シャネルのマトラッセって一番小さいものでも90万円くらいしますからね。さすがに『そんな高価なものはさすがにいただけません。本当にごめんなさい』って震えながら断ったんです」

 だが、岩本さんは断り切れずに数多くのブランド品を義母からプレゼントされており、自宅の押し入れは埋まりつつあるという。

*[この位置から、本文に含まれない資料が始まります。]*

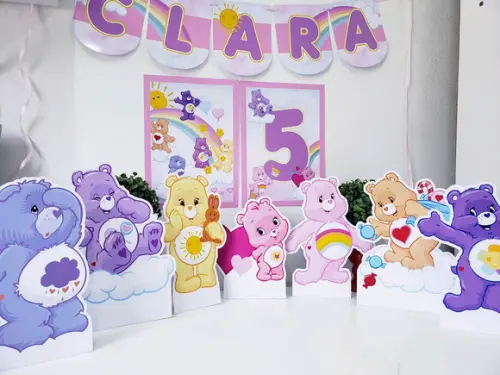 Kit de Parede Ursinhos Carinhosos com 7 Displays de Mesa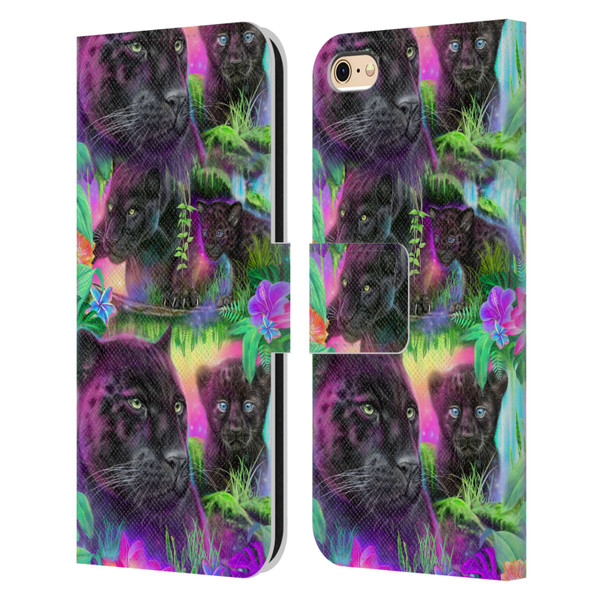 Sheena Pike Big Cats Daydream Panthers Leather Book Wallet Case Cover For Apple iPhone 6 / iPhone 6s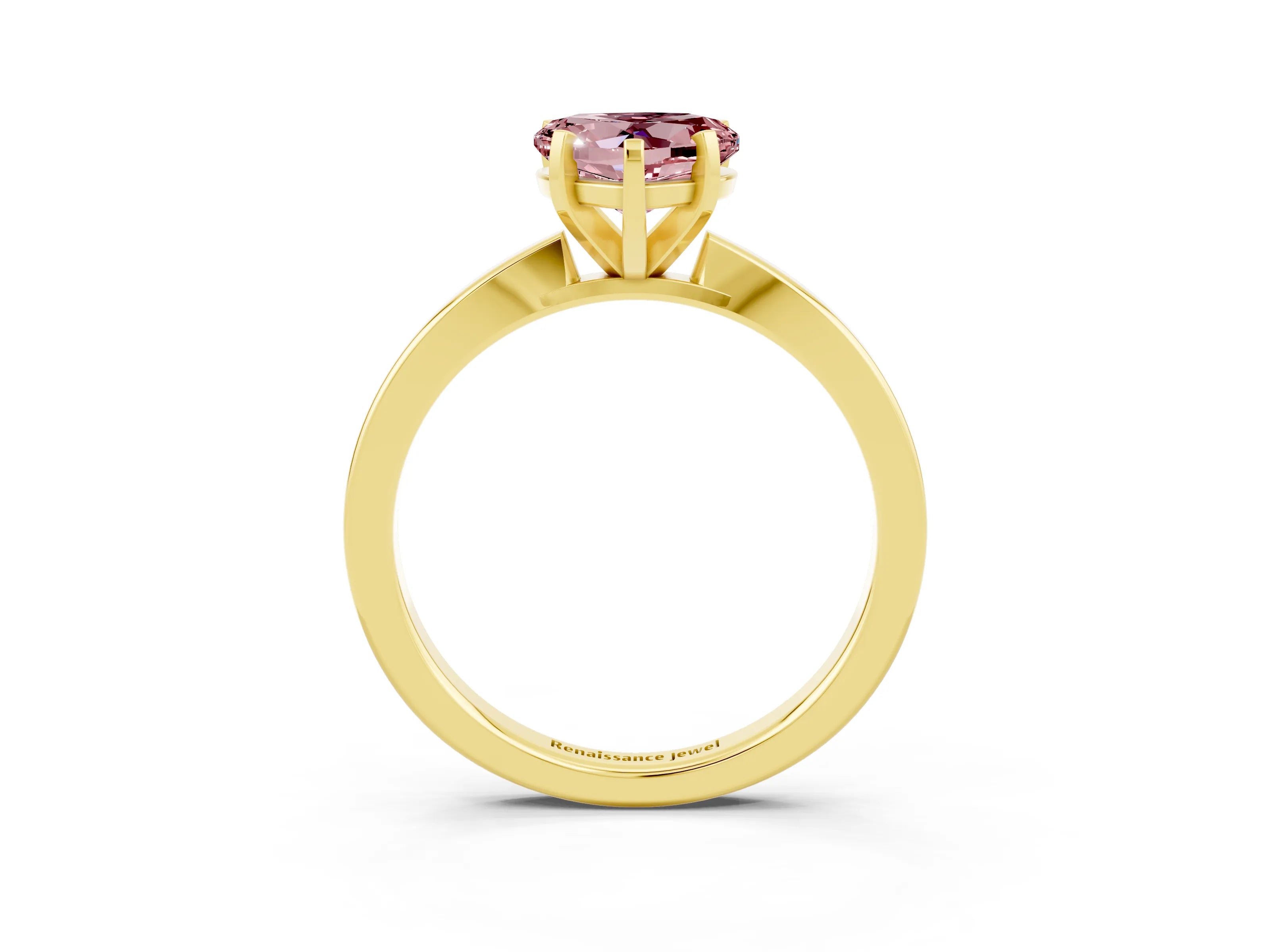 Yellow gold Heart Cut Morganite Solitaire Engagement Ring with Classic Band and Four-Prong Setting_27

「ほとほと困っています。着たくないなら売っちゃえば?ってよく言われるんですが、忘れた頃に義母から『この前あげたジャケット、着てる?』ってチェックのLINEが来るんです。ジャケットやバッグは娘や夫の誕生日にちょっとイイお店にごはんを食べに行くときに使って、まるでアリバイ写真のような写真を送るようにしています」

もっとも困るプレゼントはスカーフ

 こうしたプレゼントの中で、もっとも困るものがあると岩本さんは苦笑する。

「スカーフですね。義母はエルメスなどのブランド物のスカーフを何十枚も持っていて、それを帰省のたびに私にプレゼントしてきます。でも、スカーフなんて今どきの30~40代の女性って使わないじゃないですか。ハンカチにするわけにもいかないし……」

 このプレゼント攻勢については旦那も呆れ顔だ。何度か旦那から義母に「もう置き場もないし、久美子も好きな服を買ってるから」と説得したのだが、義母は一向に聞く耳を持たないという。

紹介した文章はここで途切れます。